Je me suis baignée en milieu d’après-midi. Avant, j’ai pris soin de retirer la grosse bague en argent que je porte à la main droite. Je l’ai bien cachée afin de ne pas la perdre dans le sable ou de risquer de me la faire voler, et je suis allée nager. Plus tard, au parking, avant de repartir, je me dis: «Zut, ma bague!» Je fouille dans mon sac, je le renverse, je défais mes affaires, mais ne trouve rien. Je sens l’angoisse monter. Christian me lance, fataliste: «Tu l’as perdue!» Je lui demande de m’attendre et je rebrousse chemin. Il m’est impossible d’accepter la perte de cet objet. Je repère l’endroit et, tout en marchant, je me mets à pleurer et j’invoque mon père: «Papa, s’il te plaît, il faut que je trouve cette bague! Aide-moi!» La phrase à peine terminée, je la vois briller devant moi. C’est comme si on l’avait déposée là, sur ce rocher où nous nous étions installés. Je me suis dit, intérieurement: «Merci papa!»
Je suis une contemplative. Chaque fois que je ressens un profond bien-être, que je m’extasie devant un ciel étoilé ou une pleine lune, je remercie mon père. Y a-t-il un lien entre nous, comme un fil invisible? Je n’ai pas d’explication. C’est une croyance personnelle, entre moi et moi.
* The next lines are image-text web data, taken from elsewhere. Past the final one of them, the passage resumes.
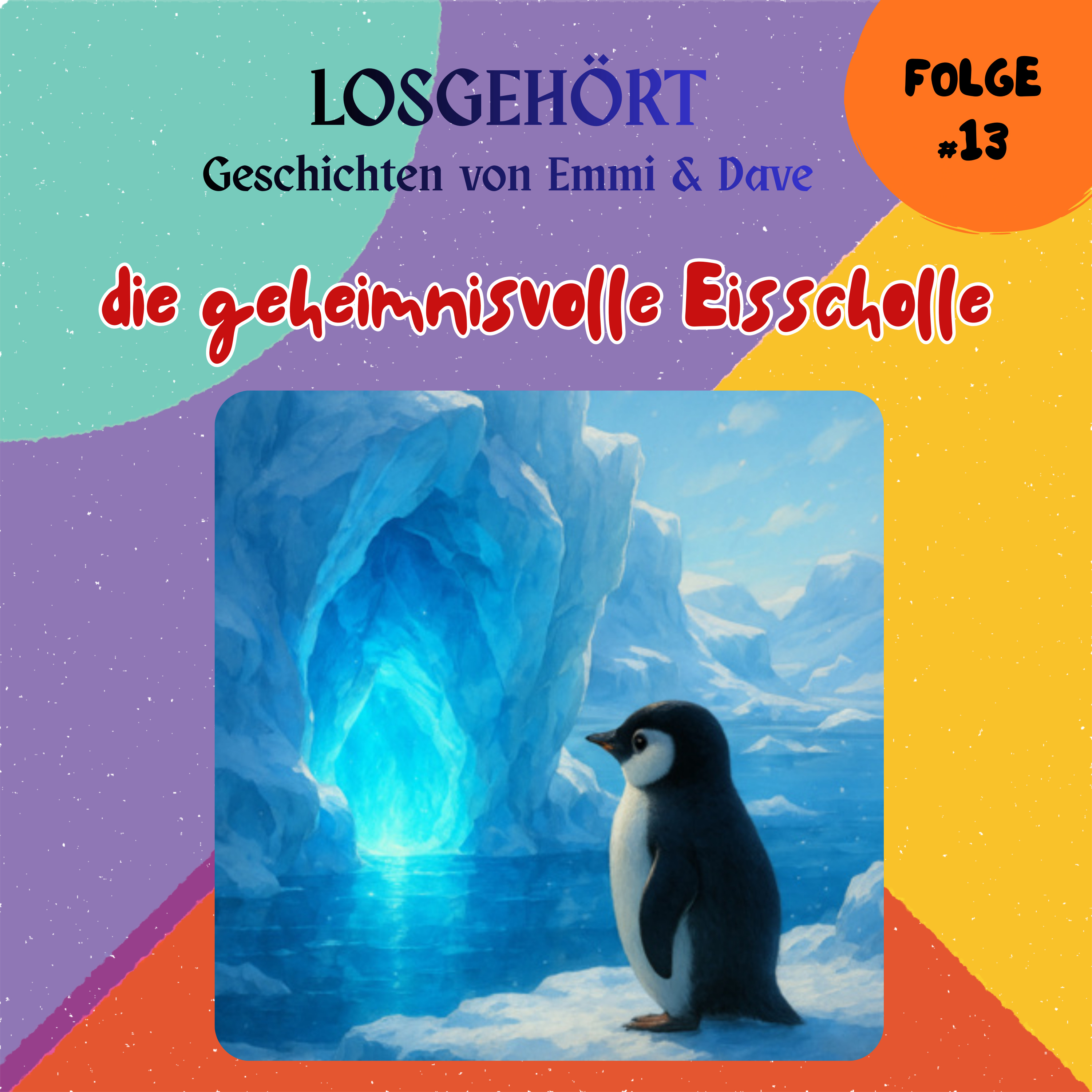 die geheimnisvolle Eisscholle #13 episode artwork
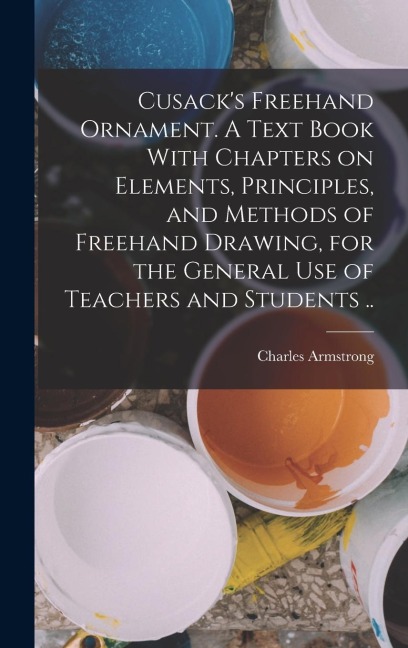Cusacks Freehand Ornament. A Text Book With Chapters on Elements, Principles, and Methods of Freehand Drawing, for the General use of Teachers and Students ..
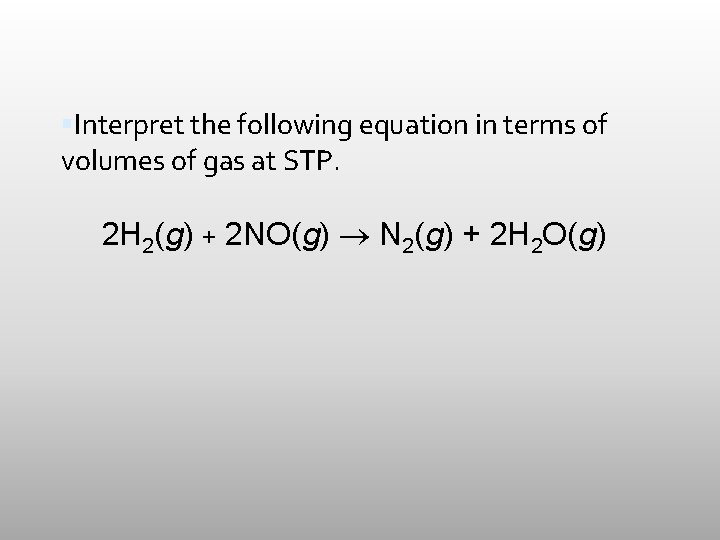  Interpret the following equation in terms of volumes of gas at STP. 2
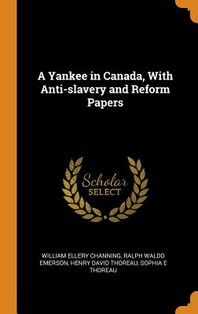  A Yankee in Canada, With Anti-slavery and Reform Papers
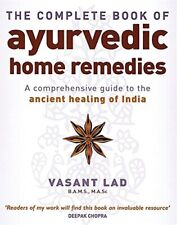 The Complete Book Of Ayurvedic Home Remedies: A comp... by Lad, Vasant Paperback segunda mano  Embacar hacia Argentina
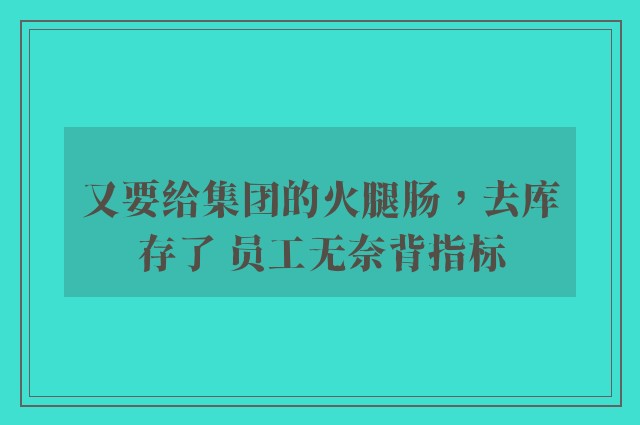 又要给集团的火腿肠，去库存了 员工无奈背指标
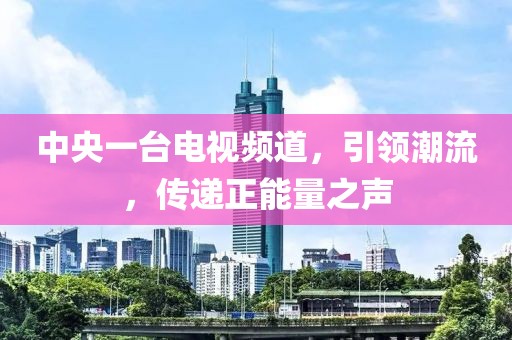 中央一臺電視頻道，引領(lǐng)潮流，傳遞正能量之聲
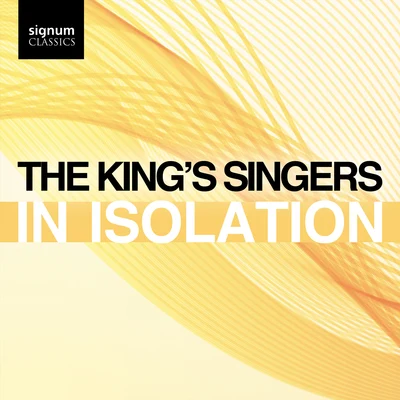 The Kings Singers: In Isolation 專輯 The Kings Singers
Mon père avait un côté farceur. Toutes les nuits, il parlait abondamment dans son sommeil. Avec qui? «Avec le Gagor», disait-il. Une sorte de lutin. Leurs palabres, bruyantes et nourries, intriguaient tout le monde. Il nous disait: «J’ai ma croyance!» L’autre jour, avec mon frère, nous sommes retombés sur des livres ayant appartenu à papa. Nous avons découvert qu’il y avait, dans chacun d’eux, des dizaines d’images pieuses de Padre Pio, un prêtre capucin canonisé. Papa a été bègue dans son enfance. Pour le guérir, son père lui a fait porter la robe de bure de saint Antoine, pendant deux ans, du matin au soir. Lui en riait en l’évoquant, ce n’était ni douloureux, ni humiliant. Je crois que, comme moi, il a toujours su transformer le négatif en positif. C’est ce que j’aimerais faire avec mes propres enfants avant de disparaître. D’ailleurs, mon mari me dit souvent: «Tu es douée pour la vie.»
>> Maria Mettral jouera, avec Christian Gregori, dans «Couple ouvert à deux battants», au théâtre Le Crève-Cœur, à Cologny (GE), du 2 au 28 mars.
Sa dernière... envie
«J’aimerais retrouver les «Cafés mortels» lancés par Bernard Crettaz. C’est un espace de rencontre où l’on vient parler de la mort. J’y ai participé, en 2013, alors que je jouais au Théâtre Pitoëff. Quelle formidable leçon de vie!» Le sociologue en a fait un livre, paru chez Labor et Fides en 2010.